* **WORK REQUEST**
The required output is the exact run of lines below that opens at the line with "Arena Jungen Badehose" and closes at the line with "Cerf Dellier Cake topper Noël".

━━━━━━━━━━━━━━━━

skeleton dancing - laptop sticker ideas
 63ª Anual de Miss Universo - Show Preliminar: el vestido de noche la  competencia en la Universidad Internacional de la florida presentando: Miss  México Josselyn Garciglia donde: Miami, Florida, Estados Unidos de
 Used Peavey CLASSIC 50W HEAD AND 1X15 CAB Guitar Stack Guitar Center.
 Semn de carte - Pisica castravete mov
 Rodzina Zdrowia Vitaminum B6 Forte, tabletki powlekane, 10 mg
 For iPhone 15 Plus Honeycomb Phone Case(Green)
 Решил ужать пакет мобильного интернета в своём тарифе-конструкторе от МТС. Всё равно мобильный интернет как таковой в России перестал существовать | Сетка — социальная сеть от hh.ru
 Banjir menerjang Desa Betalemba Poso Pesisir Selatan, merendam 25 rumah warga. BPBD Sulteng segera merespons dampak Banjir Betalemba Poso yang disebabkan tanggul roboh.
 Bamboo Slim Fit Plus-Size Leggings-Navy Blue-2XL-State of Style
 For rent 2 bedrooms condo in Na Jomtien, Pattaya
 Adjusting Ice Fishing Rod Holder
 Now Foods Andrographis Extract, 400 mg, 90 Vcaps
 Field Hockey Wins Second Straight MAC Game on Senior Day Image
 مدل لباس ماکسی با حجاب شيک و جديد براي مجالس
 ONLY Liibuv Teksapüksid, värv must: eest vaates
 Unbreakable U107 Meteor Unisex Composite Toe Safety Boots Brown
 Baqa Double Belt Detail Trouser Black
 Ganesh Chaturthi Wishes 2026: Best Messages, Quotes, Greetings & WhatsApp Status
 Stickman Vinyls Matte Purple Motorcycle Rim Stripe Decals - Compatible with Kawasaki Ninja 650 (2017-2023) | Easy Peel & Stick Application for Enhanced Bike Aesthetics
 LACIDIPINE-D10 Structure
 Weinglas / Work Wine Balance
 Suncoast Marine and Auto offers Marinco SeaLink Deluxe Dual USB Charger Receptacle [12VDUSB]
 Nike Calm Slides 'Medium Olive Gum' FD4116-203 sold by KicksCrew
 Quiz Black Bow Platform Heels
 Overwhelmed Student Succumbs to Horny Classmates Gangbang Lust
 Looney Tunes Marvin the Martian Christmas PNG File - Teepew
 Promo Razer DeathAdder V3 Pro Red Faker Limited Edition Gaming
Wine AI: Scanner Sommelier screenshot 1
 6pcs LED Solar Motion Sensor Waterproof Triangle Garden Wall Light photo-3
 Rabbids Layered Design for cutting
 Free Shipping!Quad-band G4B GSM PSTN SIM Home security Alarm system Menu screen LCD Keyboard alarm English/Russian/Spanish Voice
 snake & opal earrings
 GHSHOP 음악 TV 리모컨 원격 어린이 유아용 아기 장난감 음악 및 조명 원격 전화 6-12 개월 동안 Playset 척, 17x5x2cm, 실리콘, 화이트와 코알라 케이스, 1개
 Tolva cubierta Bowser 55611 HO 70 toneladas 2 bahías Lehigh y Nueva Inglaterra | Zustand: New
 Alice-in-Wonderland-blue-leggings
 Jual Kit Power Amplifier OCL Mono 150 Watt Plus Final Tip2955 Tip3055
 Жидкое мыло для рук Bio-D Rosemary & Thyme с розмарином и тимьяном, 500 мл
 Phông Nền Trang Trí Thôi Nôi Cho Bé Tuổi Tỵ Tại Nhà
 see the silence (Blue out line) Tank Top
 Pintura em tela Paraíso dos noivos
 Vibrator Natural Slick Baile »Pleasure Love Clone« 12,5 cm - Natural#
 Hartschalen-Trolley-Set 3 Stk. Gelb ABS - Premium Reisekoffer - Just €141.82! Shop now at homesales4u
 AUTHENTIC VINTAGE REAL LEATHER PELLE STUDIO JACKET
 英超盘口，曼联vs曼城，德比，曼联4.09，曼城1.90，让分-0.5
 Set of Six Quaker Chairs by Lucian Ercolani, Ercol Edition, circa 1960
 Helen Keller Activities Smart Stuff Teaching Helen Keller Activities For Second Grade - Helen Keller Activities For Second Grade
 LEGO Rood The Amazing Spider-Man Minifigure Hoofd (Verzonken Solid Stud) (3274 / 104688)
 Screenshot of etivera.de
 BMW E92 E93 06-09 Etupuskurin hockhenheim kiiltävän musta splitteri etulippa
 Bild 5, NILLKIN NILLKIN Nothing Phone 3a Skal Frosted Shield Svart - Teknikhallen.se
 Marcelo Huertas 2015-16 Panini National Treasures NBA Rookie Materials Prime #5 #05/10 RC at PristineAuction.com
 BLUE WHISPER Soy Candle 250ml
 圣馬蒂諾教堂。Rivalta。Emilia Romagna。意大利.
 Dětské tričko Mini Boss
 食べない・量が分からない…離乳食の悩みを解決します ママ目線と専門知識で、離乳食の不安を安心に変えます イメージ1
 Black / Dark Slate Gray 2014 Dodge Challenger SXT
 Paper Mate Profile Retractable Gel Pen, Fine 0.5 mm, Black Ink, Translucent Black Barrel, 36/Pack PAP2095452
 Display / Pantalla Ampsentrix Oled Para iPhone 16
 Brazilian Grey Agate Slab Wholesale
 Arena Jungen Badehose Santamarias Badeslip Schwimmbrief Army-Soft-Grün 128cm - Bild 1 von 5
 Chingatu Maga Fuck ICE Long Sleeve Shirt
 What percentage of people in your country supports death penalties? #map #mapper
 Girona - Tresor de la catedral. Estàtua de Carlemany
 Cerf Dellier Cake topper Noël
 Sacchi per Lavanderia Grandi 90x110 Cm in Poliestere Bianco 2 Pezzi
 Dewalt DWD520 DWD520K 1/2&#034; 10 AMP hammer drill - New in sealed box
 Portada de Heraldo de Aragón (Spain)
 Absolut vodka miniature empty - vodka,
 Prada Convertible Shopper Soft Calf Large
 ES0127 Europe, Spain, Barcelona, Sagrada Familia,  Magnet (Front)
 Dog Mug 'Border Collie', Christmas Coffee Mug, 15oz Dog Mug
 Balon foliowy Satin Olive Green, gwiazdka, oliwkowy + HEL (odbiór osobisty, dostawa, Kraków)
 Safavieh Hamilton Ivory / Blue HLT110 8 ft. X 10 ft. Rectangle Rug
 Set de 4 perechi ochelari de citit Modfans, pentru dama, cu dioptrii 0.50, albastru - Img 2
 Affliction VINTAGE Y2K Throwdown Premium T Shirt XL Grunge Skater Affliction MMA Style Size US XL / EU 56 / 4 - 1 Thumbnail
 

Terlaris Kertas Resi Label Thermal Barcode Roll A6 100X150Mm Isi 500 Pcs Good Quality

━━━━━━━━━━━━━━━━

* **TASK OUTPUT**
 Arena Jungen Badehose Santamarias Badeslip Schwimmbrief Army-Soft-Grün 128cm - Bild 1 von 5
 Chingatu Maga Fuck ICE Long Sleeve Shirt
 What percentage of people in your country supports death penalties? #map #mapper
 Girona - Tresor de la catedral. Estàtua de Carlemany
 Cerf Dellier Cake topper Noël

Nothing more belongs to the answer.